- Exercise aim
The reply should contain every entry exactly as given, with no pictures in it.

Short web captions

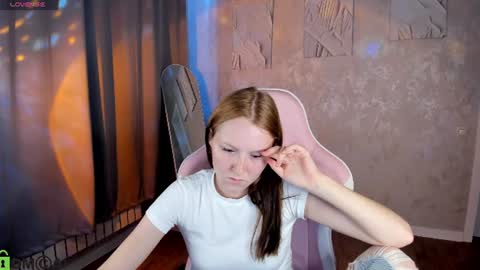 Charlotte Smitee online show from August 7, 10:04 am
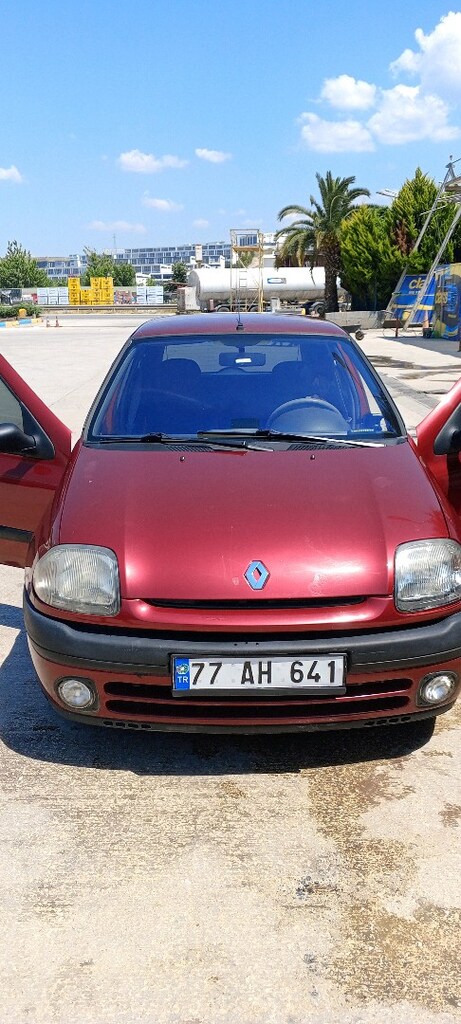 Renault CLIO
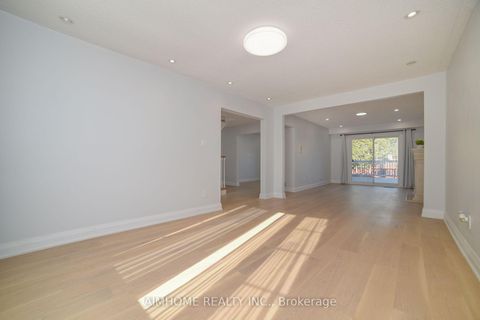 Photo 7 at 28 Longbow Square, Steeles, Toronto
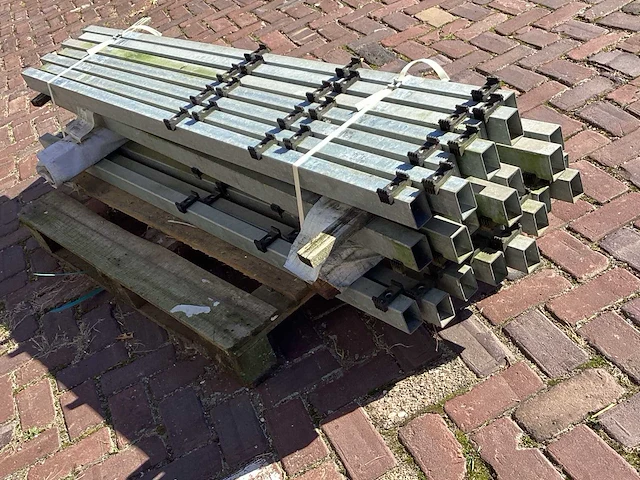 Heras - palen 180cm gegalvaniseerd (24x) - afbeelding 7 van  8
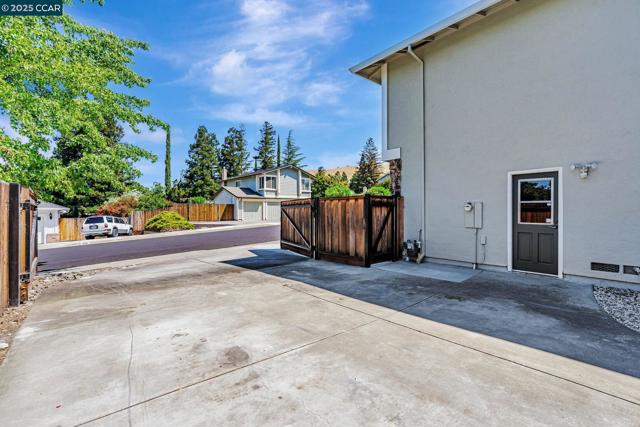 321 Chardonnay Cir, Clayton CA: https://media.crmls.org/mediaz/0ddd876c-aef1-4919-a6fe-a2295c875231.jpg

- Response for this exercise
 Charlotte Smitee online show from August 7, 10:04 am
 Renault CLIO
 Photo 7 at 28 Longbow Square, Steeles, Toronto
 Heras - palen 180cm gegalvaniseerd (24x) - afbeelding 7 van  8
 321 Chardonnay Cir, Clayton CA: https://media.crmls.org/mediaz/0ddd876c-aef1-4919-a6fe-a2295c875231.jpg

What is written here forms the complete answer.